- Source material:
|---|
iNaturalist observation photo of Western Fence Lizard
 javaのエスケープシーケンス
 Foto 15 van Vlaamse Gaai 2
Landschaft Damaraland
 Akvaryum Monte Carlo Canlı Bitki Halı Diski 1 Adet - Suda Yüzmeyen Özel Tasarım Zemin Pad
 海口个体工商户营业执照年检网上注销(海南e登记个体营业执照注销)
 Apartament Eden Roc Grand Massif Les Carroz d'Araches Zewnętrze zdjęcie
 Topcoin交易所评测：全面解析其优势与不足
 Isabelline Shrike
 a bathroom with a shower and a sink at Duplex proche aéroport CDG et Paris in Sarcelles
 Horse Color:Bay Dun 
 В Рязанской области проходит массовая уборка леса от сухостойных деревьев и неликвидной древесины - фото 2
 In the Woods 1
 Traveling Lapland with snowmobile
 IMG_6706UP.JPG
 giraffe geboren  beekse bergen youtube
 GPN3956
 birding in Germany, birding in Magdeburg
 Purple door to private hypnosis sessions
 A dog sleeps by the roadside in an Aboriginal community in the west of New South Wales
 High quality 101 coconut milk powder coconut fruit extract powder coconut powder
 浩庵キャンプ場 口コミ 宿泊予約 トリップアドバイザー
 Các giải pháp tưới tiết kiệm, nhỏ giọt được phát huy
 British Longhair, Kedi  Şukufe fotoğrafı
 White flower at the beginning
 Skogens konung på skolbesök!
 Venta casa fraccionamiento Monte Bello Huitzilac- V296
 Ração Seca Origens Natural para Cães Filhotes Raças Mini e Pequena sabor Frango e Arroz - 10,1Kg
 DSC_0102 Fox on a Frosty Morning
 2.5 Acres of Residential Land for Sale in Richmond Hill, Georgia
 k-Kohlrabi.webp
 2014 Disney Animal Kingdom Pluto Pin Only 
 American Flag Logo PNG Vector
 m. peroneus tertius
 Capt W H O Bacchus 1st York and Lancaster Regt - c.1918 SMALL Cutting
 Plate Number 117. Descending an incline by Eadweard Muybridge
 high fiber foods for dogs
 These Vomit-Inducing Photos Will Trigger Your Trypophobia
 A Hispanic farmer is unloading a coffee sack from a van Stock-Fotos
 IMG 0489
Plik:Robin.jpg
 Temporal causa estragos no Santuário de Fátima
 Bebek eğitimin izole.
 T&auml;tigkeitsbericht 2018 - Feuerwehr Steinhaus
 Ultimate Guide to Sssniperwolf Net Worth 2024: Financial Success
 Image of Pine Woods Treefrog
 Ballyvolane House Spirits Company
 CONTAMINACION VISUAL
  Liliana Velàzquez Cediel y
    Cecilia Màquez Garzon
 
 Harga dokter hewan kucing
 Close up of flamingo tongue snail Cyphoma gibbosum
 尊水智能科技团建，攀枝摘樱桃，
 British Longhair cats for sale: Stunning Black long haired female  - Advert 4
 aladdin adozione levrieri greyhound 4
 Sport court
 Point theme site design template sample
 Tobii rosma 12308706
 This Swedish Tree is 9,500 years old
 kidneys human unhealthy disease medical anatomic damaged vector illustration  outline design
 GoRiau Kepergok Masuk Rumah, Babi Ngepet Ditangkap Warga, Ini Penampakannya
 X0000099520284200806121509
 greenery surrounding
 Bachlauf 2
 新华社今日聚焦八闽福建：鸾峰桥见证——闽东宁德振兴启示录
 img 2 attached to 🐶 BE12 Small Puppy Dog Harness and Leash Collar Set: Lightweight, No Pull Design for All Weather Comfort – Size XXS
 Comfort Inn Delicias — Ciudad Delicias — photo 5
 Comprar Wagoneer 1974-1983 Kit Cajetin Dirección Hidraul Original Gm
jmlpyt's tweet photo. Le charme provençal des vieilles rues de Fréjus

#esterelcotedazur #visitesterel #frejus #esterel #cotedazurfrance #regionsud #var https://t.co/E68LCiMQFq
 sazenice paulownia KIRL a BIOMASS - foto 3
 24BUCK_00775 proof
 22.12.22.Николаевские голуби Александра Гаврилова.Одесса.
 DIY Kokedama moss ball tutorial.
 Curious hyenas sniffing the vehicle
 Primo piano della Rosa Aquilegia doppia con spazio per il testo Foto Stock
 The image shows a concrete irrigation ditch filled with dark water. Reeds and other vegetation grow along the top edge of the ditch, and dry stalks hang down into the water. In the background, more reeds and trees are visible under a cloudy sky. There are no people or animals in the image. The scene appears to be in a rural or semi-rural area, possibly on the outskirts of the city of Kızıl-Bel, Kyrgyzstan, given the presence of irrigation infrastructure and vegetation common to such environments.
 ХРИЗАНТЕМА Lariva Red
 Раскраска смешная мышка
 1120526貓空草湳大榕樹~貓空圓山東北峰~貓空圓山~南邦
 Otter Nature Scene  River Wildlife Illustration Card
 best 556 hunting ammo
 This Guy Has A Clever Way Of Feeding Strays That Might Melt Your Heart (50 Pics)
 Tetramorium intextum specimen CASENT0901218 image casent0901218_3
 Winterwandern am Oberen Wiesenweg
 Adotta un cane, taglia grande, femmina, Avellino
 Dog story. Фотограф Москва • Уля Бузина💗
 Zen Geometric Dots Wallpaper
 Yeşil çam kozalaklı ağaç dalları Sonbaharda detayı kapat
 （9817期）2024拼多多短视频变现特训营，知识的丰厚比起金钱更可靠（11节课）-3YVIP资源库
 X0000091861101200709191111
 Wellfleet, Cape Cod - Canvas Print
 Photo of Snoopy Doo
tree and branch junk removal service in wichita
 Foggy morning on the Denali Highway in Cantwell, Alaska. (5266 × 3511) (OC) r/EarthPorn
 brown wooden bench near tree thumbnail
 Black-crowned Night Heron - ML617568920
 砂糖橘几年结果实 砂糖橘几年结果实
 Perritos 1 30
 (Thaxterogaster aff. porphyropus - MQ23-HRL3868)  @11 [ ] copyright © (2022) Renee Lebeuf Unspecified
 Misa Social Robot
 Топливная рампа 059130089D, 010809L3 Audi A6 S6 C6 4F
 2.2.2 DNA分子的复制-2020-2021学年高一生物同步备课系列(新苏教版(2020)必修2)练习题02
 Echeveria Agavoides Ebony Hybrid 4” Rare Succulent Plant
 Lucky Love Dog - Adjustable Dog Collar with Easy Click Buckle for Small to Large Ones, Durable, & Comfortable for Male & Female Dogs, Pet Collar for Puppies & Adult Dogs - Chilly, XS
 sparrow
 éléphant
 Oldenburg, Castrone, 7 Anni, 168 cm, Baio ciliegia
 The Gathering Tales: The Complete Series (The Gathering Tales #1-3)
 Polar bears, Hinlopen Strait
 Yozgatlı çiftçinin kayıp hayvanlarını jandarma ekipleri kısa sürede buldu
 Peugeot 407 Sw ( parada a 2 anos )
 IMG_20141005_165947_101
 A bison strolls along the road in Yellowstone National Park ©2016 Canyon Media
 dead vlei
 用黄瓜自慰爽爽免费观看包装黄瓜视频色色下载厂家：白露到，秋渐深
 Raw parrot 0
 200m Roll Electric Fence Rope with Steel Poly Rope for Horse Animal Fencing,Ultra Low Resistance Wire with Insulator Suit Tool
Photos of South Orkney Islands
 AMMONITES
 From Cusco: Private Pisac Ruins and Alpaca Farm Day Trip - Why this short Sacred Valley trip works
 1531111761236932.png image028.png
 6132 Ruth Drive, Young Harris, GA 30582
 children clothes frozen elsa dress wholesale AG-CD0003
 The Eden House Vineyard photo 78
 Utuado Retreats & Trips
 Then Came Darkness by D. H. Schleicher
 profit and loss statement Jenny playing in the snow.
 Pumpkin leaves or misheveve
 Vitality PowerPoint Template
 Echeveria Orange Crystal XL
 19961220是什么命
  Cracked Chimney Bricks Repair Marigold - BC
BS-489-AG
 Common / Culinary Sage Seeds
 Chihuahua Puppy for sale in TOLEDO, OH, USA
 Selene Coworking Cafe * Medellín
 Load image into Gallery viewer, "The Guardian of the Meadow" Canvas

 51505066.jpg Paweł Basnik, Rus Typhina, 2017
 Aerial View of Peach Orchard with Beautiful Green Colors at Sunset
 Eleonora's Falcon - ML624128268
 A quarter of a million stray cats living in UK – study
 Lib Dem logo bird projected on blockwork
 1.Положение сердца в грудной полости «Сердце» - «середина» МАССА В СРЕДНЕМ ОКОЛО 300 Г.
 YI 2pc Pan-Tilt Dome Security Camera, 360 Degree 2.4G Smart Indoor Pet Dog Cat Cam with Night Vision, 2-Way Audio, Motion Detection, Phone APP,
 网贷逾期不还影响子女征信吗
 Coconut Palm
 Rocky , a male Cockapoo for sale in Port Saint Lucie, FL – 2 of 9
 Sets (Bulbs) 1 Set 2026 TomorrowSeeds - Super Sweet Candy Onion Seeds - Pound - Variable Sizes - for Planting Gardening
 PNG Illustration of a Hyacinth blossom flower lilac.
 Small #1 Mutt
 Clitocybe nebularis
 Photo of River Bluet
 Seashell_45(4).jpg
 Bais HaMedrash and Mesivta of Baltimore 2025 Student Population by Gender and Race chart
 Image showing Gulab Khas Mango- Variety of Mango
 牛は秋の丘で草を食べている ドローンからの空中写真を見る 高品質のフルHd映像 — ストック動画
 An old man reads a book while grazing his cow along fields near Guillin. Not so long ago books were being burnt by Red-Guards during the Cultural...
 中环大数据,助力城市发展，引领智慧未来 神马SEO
|---|
- Work item: Please give back exactly the lines of this listing beginning at the line with "Bebek eğitimin izole." and ending with the line with "Harga dokter hewan kucing", both included, and nothing else.

- Output:
 Bebek eğitimin izole.
 T&auml;tigkeitsbericht 2018 - Feuerwehr Steinhaus
 Ultimate Guide to Sssniperwolf Net Worth 2024: Financial Success
 Image of Pine Woods Treefrog
 Ballyvolane House Spirits Company
 CONTAMINACION VISUAL
  Liliana Velàzquez Cediel y
    Cecilia Màquez Garzon
 
 Harga dokter hewan kucing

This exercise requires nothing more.